_Data excerpt_.
—————

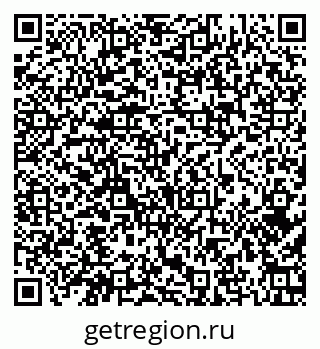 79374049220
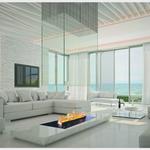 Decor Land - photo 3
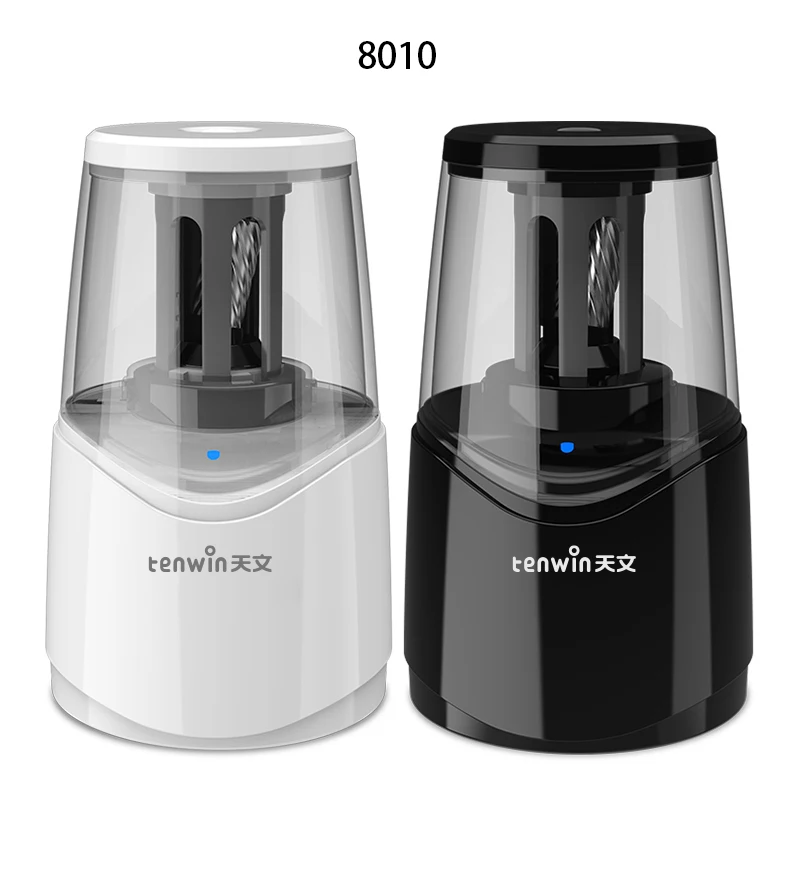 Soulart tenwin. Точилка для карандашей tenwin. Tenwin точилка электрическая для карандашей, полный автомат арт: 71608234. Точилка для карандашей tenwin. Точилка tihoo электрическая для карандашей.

—————

_Activity_. Skip the images and write out the rest of the listing exactly.

_Exercise solution_.
 79374049220
 Decor Land - photo 3
 Soulart tenwin. Точилка для карандашей tenwin. Tenwin точилка электрическая для карандашей, полный автомат арт: 71608234. Точилка для карандашей tenwin. Точилка tihoo электрическая для карандашей.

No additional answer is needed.